MATERIAL FOR THIS EXERCISE >>
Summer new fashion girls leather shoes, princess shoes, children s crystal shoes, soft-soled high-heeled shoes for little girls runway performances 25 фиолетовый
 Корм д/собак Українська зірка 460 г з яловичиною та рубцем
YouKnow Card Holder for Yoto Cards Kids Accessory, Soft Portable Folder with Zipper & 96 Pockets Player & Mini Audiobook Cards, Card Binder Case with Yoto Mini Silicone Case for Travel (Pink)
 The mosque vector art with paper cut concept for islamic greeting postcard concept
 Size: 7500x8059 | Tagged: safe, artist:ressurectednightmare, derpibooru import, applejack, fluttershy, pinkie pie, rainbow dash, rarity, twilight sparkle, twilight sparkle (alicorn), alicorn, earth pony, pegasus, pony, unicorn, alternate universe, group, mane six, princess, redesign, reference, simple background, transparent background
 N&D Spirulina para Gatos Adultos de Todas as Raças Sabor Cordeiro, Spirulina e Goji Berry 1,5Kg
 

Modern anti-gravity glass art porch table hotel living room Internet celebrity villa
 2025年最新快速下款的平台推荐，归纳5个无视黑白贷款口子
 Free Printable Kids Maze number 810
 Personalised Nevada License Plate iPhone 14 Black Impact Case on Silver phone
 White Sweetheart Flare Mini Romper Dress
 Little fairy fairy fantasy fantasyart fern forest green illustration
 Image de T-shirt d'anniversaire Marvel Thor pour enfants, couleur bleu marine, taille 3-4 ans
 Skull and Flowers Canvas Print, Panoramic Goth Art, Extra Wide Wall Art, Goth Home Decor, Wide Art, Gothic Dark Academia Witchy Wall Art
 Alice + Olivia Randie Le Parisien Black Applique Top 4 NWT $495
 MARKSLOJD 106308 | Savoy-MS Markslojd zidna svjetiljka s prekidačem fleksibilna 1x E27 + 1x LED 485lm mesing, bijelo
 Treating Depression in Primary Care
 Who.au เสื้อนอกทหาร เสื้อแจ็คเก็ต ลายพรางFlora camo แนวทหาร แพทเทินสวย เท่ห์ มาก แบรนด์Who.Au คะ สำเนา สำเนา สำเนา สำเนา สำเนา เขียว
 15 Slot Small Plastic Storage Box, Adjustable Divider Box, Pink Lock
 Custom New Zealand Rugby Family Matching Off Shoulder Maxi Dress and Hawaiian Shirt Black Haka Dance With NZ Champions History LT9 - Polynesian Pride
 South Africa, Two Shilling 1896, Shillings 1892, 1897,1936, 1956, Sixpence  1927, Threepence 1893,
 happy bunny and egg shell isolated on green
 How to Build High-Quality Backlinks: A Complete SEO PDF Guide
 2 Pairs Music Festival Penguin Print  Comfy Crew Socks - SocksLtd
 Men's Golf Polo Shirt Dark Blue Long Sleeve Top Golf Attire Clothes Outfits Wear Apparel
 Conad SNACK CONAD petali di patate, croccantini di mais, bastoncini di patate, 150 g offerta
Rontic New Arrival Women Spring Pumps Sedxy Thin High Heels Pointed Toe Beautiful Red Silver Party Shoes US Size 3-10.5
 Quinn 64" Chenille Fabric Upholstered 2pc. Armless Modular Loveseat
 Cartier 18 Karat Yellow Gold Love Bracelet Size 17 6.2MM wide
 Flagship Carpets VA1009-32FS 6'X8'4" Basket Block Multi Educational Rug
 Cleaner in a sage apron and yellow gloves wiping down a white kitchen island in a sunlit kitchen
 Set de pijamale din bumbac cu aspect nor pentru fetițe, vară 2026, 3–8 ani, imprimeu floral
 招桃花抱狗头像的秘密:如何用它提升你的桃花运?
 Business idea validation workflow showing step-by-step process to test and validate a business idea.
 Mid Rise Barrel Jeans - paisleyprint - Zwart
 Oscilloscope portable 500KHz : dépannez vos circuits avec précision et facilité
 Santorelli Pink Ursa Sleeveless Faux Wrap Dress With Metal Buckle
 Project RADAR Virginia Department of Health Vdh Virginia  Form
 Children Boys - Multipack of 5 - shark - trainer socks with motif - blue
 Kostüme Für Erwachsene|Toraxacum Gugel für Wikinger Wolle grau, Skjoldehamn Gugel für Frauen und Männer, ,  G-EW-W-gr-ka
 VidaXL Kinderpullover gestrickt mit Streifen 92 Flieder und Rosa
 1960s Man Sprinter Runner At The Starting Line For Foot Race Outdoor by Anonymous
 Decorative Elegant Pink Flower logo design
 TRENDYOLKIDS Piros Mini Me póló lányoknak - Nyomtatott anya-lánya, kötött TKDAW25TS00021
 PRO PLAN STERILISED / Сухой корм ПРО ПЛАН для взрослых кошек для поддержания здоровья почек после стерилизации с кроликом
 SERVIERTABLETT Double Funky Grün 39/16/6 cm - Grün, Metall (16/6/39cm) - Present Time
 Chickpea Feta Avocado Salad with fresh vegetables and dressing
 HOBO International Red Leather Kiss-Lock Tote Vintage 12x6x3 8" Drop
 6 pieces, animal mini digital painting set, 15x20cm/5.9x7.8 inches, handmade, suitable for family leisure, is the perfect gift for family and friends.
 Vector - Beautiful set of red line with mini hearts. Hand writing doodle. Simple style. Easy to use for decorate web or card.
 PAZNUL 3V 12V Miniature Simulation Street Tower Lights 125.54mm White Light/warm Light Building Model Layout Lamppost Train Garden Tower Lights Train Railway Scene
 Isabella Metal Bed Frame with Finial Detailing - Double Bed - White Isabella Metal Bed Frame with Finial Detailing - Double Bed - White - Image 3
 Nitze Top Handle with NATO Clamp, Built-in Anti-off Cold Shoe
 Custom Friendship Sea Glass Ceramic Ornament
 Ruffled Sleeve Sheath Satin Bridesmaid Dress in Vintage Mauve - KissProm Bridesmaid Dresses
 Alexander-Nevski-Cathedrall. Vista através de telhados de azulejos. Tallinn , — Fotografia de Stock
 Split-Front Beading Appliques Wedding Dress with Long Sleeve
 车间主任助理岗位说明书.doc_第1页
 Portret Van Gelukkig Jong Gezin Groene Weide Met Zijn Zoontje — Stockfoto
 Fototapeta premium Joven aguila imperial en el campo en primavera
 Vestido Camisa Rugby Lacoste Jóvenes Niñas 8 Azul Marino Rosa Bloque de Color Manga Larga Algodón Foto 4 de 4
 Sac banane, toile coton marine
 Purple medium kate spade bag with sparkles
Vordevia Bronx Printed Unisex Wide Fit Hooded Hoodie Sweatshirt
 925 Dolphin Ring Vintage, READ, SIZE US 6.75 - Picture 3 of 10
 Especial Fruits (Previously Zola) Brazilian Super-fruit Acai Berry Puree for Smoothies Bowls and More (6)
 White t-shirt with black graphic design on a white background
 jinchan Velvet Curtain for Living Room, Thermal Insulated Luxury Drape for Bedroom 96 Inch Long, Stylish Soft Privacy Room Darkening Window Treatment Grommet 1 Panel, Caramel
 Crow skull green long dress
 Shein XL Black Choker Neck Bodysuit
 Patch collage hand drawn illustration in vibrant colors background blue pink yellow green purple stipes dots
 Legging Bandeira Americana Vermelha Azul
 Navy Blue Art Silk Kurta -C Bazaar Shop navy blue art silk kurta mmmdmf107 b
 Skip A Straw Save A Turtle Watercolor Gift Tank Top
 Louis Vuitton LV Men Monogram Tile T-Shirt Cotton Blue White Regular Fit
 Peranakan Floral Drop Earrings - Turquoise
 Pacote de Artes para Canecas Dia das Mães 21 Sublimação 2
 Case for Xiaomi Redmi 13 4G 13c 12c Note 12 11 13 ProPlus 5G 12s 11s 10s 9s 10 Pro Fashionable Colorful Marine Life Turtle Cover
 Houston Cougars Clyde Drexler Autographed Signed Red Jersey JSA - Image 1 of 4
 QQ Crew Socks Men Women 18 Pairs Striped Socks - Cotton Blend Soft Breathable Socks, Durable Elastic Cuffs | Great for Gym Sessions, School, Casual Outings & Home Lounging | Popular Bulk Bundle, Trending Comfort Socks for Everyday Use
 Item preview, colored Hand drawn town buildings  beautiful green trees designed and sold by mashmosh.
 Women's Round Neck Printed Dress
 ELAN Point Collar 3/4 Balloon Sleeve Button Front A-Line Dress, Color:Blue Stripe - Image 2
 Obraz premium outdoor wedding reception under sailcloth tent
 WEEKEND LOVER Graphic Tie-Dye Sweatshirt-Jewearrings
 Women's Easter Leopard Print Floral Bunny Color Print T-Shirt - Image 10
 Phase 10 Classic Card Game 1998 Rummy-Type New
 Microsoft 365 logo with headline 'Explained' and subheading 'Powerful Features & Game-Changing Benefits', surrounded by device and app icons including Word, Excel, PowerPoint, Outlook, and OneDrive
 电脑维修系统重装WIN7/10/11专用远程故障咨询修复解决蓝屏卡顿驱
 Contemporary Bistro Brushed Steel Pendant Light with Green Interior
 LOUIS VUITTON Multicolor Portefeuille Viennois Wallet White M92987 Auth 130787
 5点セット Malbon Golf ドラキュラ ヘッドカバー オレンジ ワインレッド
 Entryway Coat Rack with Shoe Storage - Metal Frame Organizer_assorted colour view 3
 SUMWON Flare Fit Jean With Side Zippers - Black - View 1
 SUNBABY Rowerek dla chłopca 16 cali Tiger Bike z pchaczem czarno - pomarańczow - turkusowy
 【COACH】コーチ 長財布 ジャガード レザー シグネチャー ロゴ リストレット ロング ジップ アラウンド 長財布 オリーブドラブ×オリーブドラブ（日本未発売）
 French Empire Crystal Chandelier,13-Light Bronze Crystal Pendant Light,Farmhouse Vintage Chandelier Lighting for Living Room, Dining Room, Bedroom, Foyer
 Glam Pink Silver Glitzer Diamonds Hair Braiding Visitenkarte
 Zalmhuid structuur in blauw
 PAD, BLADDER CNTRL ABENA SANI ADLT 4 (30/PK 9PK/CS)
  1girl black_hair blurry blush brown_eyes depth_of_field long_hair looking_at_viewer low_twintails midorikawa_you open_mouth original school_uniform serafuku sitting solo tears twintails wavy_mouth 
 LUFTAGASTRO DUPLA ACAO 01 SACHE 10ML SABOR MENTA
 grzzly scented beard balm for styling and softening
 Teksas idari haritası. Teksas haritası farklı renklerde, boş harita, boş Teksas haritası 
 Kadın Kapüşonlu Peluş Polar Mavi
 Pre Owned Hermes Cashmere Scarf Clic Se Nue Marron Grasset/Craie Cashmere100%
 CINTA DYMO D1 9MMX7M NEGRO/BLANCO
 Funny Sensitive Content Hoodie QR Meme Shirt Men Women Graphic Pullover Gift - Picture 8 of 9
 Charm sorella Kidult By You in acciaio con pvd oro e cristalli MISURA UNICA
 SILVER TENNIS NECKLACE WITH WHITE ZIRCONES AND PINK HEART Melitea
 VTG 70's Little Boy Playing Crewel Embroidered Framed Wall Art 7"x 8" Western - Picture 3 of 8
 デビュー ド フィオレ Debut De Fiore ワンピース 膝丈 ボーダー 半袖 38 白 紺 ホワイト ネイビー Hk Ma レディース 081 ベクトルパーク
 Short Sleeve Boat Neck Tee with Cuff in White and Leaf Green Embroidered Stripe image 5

PROBLEM TO SOLVE >>
For each line in the data that holds "Printed", add one to a count, then report that count alone.

WORKED SOLUTION >>
2